Stubbings explained that the agreement was between Peterborough and the County of Northumberland and it dates back to 2015-2016.
“At that time, a draft agreement was prepared, but it was never approved or formalized back in that time frame between Peterborough and Northumberland County. Dispatch service continued through purchase order agreements up until last year, at which time the five-year term for the draft agreement ended in June of 2020,” he recounted.
“Last year I did approach Peterborough because there was a renewal clause within that contract for another five years if both parties agreed.”
The solicitor for the City of Peterborough drafted an agreement, but it wasn’t a contract between the two parties – it was a multi-party agreement among Peterborough, Northumberland County and all seven of Northumberland’s member municipalities – “which wasn’t really aligned with the process agreed upon in 2015, where member municipalities agreed Northumberland County would be responsible for that dispatch service,” Stubbings pointed out.
“This year we did contact our solicitor, and it became a stalemate where the City of Peterborough did not want to have an agreement with just the county. They wanted a multi-party agreement.”
Stubbings said there are three options.
One – Enter into the multi-party agreement Peterborough is insisting on.
Two – Continue to obtain fire dispatch service from Peterborough through purchase order agreements through the end of this year. At that time, the county steps out of the picture and member municipalities take over their own fire dispatch responsibilities.
Three – Continue through the end of the year with Peterborough via purchase order agreements and, at that time, put out an RFP for a new agency to deliver fire dispatch services.
Stubbings’s recommendation is the first option.
The second option could affect mutual aid and other collaborative operations, as well as bring an unknown impact on cost.
“Back in 2015, one of the purposes of amalgamating under one contract was to improve the pricing as well,” he said.
The third option would take time, and could potentially bring unknown logistics challenges with a new provider – not to mention the chance of a cost increase.
Chief Administrative Officer Jennifer Moore expanded on the rationale for recommending the first option.

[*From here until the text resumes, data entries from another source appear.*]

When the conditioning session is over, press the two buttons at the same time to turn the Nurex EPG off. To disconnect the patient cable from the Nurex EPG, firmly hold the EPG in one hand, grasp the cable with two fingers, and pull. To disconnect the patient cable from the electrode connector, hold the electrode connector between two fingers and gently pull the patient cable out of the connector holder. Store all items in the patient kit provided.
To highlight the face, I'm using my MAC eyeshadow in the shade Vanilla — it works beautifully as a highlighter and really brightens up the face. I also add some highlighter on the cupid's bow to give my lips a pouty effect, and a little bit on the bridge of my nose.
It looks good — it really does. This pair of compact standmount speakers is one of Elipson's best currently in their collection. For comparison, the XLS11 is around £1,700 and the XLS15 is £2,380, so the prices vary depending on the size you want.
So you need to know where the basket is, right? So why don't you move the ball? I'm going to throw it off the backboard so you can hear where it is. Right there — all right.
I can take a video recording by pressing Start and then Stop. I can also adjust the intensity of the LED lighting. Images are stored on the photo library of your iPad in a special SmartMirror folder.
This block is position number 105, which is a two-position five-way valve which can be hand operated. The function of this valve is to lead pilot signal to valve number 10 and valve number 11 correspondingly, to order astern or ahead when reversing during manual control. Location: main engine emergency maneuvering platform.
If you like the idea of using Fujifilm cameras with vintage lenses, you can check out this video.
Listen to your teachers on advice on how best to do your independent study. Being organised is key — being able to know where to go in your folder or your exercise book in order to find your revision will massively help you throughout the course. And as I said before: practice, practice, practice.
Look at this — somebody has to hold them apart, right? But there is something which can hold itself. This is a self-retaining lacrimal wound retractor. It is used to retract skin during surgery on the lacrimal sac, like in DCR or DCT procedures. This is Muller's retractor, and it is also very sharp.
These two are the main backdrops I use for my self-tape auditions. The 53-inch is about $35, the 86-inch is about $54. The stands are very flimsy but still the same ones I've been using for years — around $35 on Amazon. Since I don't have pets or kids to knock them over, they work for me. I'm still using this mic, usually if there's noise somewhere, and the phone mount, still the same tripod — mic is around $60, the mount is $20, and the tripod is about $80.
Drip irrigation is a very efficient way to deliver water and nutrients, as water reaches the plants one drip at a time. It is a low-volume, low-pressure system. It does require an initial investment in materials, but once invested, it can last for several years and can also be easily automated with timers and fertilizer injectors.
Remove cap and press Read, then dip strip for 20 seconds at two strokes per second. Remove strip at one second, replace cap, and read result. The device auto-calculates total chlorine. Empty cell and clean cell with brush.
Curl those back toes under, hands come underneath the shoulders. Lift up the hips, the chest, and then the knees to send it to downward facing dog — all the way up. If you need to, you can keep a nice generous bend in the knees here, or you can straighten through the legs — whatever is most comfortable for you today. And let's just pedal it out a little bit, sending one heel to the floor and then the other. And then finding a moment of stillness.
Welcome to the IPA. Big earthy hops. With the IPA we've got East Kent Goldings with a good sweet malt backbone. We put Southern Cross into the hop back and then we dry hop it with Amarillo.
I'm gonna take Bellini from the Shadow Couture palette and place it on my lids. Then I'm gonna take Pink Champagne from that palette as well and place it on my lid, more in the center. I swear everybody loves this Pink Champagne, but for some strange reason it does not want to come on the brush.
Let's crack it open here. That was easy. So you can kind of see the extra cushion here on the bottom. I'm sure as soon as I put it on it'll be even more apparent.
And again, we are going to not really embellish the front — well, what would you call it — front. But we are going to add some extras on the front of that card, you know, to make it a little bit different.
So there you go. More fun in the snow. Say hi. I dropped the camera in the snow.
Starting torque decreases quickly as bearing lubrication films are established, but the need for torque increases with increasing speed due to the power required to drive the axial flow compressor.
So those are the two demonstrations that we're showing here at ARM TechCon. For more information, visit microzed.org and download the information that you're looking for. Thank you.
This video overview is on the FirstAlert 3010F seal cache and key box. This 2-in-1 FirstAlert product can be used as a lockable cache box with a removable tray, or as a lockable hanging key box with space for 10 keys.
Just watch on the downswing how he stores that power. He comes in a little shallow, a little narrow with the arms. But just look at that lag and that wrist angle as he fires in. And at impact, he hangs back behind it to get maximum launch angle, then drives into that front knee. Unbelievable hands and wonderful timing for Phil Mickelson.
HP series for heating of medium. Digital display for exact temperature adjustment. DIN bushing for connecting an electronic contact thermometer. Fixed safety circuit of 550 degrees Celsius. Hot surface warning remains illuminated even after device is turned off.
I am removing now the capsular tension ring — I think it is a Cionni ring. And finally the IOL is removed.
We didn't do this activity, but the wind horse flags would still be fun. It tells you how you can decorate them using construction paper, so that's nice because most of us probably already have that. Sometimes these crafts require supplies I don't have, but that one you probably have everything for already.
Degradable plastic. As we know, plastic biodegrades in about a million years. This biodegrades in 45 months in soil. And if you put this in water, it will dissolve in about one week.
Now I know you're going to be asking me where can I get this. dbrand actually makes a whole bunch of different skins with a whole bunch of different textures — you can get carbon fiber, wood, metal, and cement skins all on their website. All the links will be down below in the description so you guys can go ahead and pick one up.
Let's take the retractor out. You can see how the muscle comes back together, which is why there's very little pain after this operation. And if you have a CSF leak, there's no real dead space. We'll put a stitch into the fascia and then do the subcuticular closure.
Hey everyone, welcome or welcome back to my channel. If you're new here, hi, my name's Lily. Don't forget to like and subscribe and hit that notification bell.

“The process is working well and, by all indications, it was intended to streamline our processes and find efficiencies and increase collaboration – which it has done on our end.”
Moore believes it’s a matter of administrative preference on the part of the City of Peterborough, but it shouldn’t change anything locally.
“It requires the least amount of effort and potential changes. It keeps things going the same and lets the contract run its course, as it was intended to do. It formalizes the relationship with the City of Peterborough and not make it a battle – just keep things going effectively,” Moore said.
Hamilton Township Councillor Bill Cane spoke from 40 years of experience in community fire service, a background that includes a lot of frustration with communications. The service provided by Peterborough, he said is “by far” the best he has ever experienced.
“They do an absolutely amazing job with our fire department, and I know our fire department would be very upset if they had to go back and figure out how they could communicate with each other,” Cane said.